Orehnjača (Walnut Roll)

Ingredients

 

For the Dough

  • 1 cup of warm milk
  • 1 packet of vanilla sugar (or two teaspoons of vanilla essence)
  • 1 tablespoon dry yeast
  • 1 large egg
  • 1 teaspoon salt
  • 1/2 cup white sugar
  • 1/2 cup melted butter
  • Zest of 1 lemon
  • 1 teaspoon rum, dark
  • 3.5 cups all-purpose flour
  • 1 teaspoon warm butter

For the Filling

  • 2.5 cups walnuts, ground
  • 1 cup milk
  • 2 tablespoons honey
  • 2 tablespoons plum jam
  • 1/2 a cup raisins (optional)
  • Zest of a lemon
  • 3/4 cup white sugar
  • 1 teaspoon cinnamon, ground
  • 1 tablespoon rum, dark
  • 2 tablespoons butter, melted

Instructions

The Dough

  1. In a large mixing bowl place warm milk, vanilla sugar, and the dry yeast. Let it activate (should take around 10 minutes)
  2. Then to that mixture, add 1 egg, salt, white sugar, melted butter, lemon zest, rum and mix all ingredients with an electric mixer for 30 seconds
  3. Add 1.5 cups of flour and beat for two minutes at medium speed with a paddle beater, then change to a dough hook and slowly add more flour spoon-by-spoon until it pulls away from the bowl.

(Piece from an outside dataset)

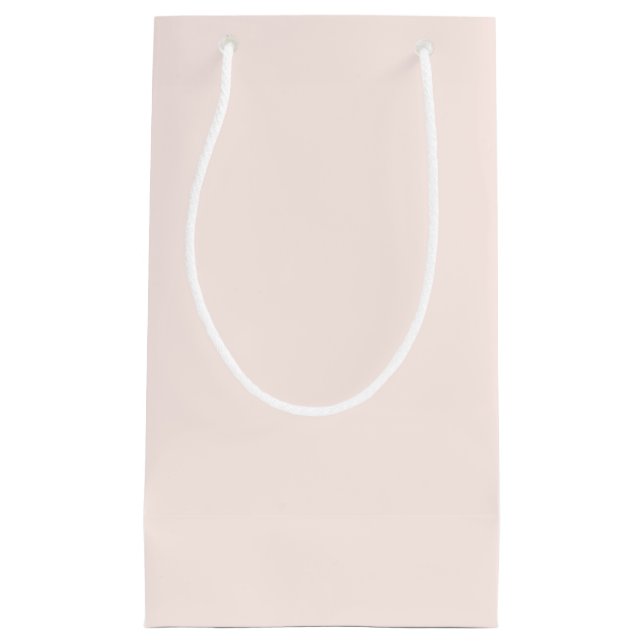 Petit Sac Cadeau Pink Christmas Solid Color (Devant)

It should take around an extra 2 cups of flour, but if you need less do not add it all
  4. Shape the dough into a ball, and place it into a bowl, and then massage the surface with warm butter. Cover with plastic wrap and let it rise for 1 to 1.5 hours. It should double in size

The Filling

  1. In a saucepan warm the milk, then add the walnuts, honey, plum jam, raisins (optional) and the lemon zest and mix
  2. Add the sugar and cinnamon, and cook on low for approx. 10 minutes until the milk is incorporated into walnuts. Watch that the milk does not burn! The mixture should be thick like porridge
  3. Remove from the heat. Add in the rum and butter and mix
  4. Place in a bowl and cool in the fridge. It’s easier to spread if it’s cool so this step is a must!

Get Ready To Roll

  1. Knockdown the dough, which has risen, cut in equal halves – either use a baking scale or eyeball it if you have the skills
  2. Roll out each piece to 20 inches (50 cm) by 14 inches (35 cm)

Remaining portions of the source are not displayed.